Yes - this has been known.



> Effective Oct. 27, 2009:• Upon our planned entry into Star Alliance, OnePass members will no longer earn Elite Qualification Miles, Elite Qualification Points or Elite mileage bonuses *for travel operated by Amtrak*, Emirates, EVA Airways, Hawaiian Airlines, Island Air, Kingfisher and US Helicopter.


I was not aware of this! It says you will not earn the OnePass bonuses, but I wonder if you will still earn AGR points? :huh:

Also, will we still be able to transfer to/from Continental? :huh: Remember what happened to United Airlines  - which just happens to be another Star Alliance member!

I just hope the same doesn't happen with Continental!


----------



## rrdude (Sep 11, 2009)

the_traveler said:


> Just received an email from Continental OnePass.
> 
> 
> > The countdown to joining Star Alliance™ has begun, and we’re looking forward to being a part of the largest airline alliance in the world starting on Oct. 27, 2009.
> ...


This is nothing other than an opinion, and we all know how "reliable" opinions are! But I would bet that Continental will cease all Amtrak partnerships as quickly as it can, once they migrate into the STAR's system......


----------



## PRR 60 (Sep 11, 2009)

the_traveler said:


> Just received an email from Continental OnePass.
> 
> 
> > The countdown to joining Star Alliance™ has begun, and we’re looking forward to being a part of the largest airline alliance in the world starting on Oct. 27, 2009.
> ...


This particular notice involves the handling of One Pass (OP) miles earned by travelling Amtrak. Presently, CO OP miles earned on Amtrak count as Elite Qualification Miles (EQM) for OP. They are added in for qualification to the Silver, Gold, and Platinum status levels. Once in Star Alliance (*A), miles earned by OP members on non-*A carriers, including Amtrak, will count as redeemable miles, but not as EQM's.
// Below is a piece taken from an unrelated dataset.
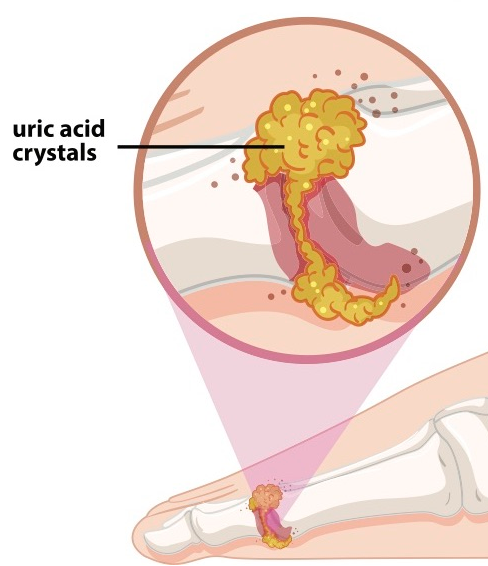 How to prevent Uric Acid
That begs the question of the earning of AGR points using CO, and the inter-program transfer option between AGR and OP. Nothing is mentioned, but no news is not necessarily good news. We'll just have to wait and see.


----------



## Upstate (Sep 11, 2009)

I don't think they will kill the redeemable miles agreement. Amtrak never offered elite qualification points for someone to fly on Continental so this change just brings things in with a reciprocal status. It probably has something to do with Star Alliance rules governing the earning of EQM.


----------



## soitgoes (Sep 11, 2009)

On Flyertalk, Scott O'Leary, Managing Director of Customer Experience at Continental (who posts as COInsider), responded to the query "What happened with Amtrak? There will be no more EQM earning opportunities, but it looks like RDM earning will remain. Will there be any changes to the codeshare arrangements and/or mileage redemption with Amtrak?" with "no need to read too deep into this. There are no anticipated changes to our codeshare agreements with these carriers. With this change, our Elite Qualification earnings will essentially be limited to Continental, Copa, our Virgin Atlantic codeshares and our Star Alliance members."

http://www.flyertalk.com/forum/12359840-post82.html

Yes, things can always change, but the AGR relationship is not going to disappear in October.


----------



## Bob Dylan (Sep 11, 2009)

Id still take this with a grain of salt traveler,you know that pr flacks are hired to lie/spin/confuse! Start planning to transfer all the miles you can to AGR and plan a trip!!!!! LOL


----------



## jis (Sep 11, 2009)

jimhudson said:


> Id still take this with a grain of salt traveler,you know that pr flacks are hired to lie/spin/confuse! Start planning to transfer all the miles you can to AGR and plan a trip!!!!! LOL


No need for that here. Actually I need Continental points more than I need Amtrak points since the Continental awards that I use cost way more both point-wise and are worth way more money-wise. But for the traveler of course things may be different. I already have enough Amtrak points in the till to keep me satisfied for the next year or two  , and they keep rolling in with the AGR credit card.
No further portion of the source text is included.